Civil Eats’ advisory board is made up of highly regarded individuals considered among the leading thinkers, voices, and connectors in the food world.
Anna Lappé is a widely respected writer and educator, known for her work as an advocate for justice and sustainability along the food chain. The Executive Director of the Global Alliance for the Future of Food, Anna is also a national bestselling co-author or author of three books on food systems and a contributor to 18 others. Prior to the Global Alliance, Anna served as the founder and director of the Food Sovereignty Fund of the Panta Rhea Foundation and was the co-founder or founder of three national organizations, including the Small Planet Institute, Small Planet Fund, and Real Food Media.
Magaly Licolli is the executive director and co-founder of Venceremos, a human rights worker-based organization that works to ensure the dignity of poultry workers. Originally from Guanajuato, Mexico, Licolli immigrated to Arkansas in 2004. In 2015, she became the executive director of the Northwest Arkansas Workers’ Justice Center. While there, she led a state-wide poultry campaign which gained national recognition. Her vision to ensure the dignity of poultry workers led her to collaborate with the Coalition of Immokalee Workers (CIW) to expand the worker-driven social responsibility model in the poultry industry. In 2020, Licolli was recognized by the Arkansas Business Publishing Group as one of the 250 Arkansas’ most influential leaders.
Mas Masumoto is an organic peach and nectarine farmer and the author of nine books including Epitaph for a Peach, Wisdom of the Last Farmer, and a family farm cookbook, The Perfect Peach. A feature documentary, “Changing Season,” about the theme of succession on a family farm, was nationally broadcast by PBS in May 2016. He also serves on board of National Endowment for the Arts and the Public Policy Institute of California.

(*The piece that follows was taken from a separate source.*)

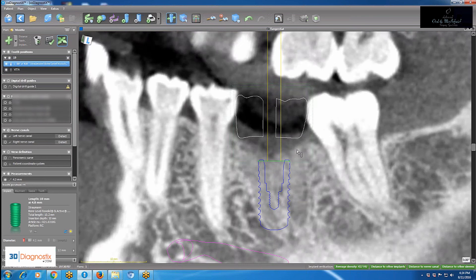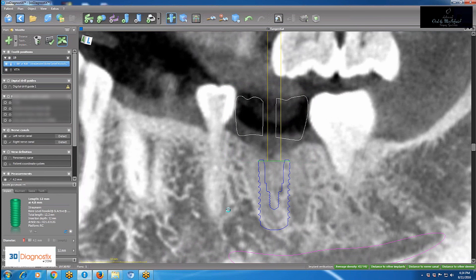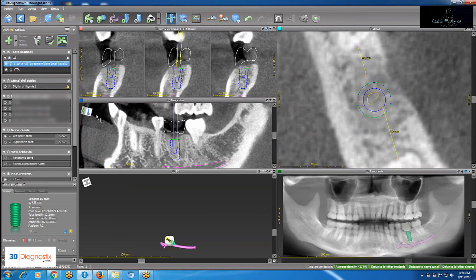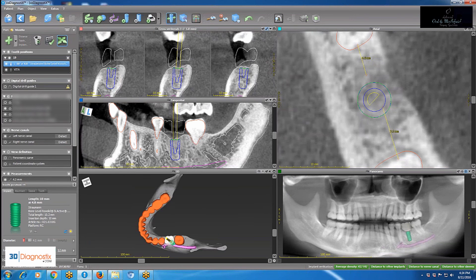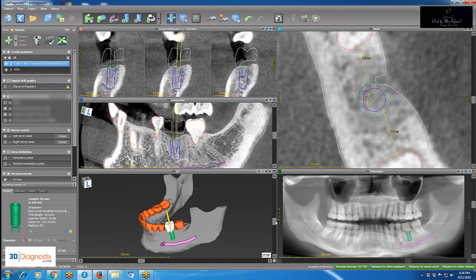If I try a longer implant — 4.8 by 12 — I get a warning at the bottom right that I'm too close to the nerve, so I go back to 4.8 by 10.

Marion Nestle, Ph.D, M.P.H., is the Paulette Goddard Professor of Nutrition, Food Studies, and Public Health, Emerita, at New York University, in the department that she chaired from 1988 through 2003.

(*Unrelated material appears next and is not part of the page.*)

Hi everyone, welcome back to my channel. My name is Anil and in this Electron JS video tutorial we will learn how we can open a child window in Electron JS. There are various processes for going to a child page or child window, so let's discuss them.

Raj Patel is an award-winning writer, activist, and academic. He is a research professor in the Lyndon B. Johnson School of Public Affairs at the University of Texas, Austin, and a senior research associate at the Unit for the Humanities at Rhodes University (UHURU), South Africa.
Ashanté M. Reese is an Assistant Professor of African and African Diaspora Studies at the University of Texas at Austin. Reese works at the intersection of critical food studies and Black geographies, examining the ways Black people produce and navigate food-related spaces.
Ruth Reichl was editor-in-chief of Gourmet Magazine from 1999 to 2009. Before that, she was the restaurant critic of both The New York Times (1993-1999) and the Los Angeles Times (1984-1993), where she was also named food editor. As co-owner of The Swallow Restaurant from 1974 to 1977, she played a part in the culinary revolution that took place in Berkeley, California. In the years that followed, she served as restaurant critic for New West and California magazines.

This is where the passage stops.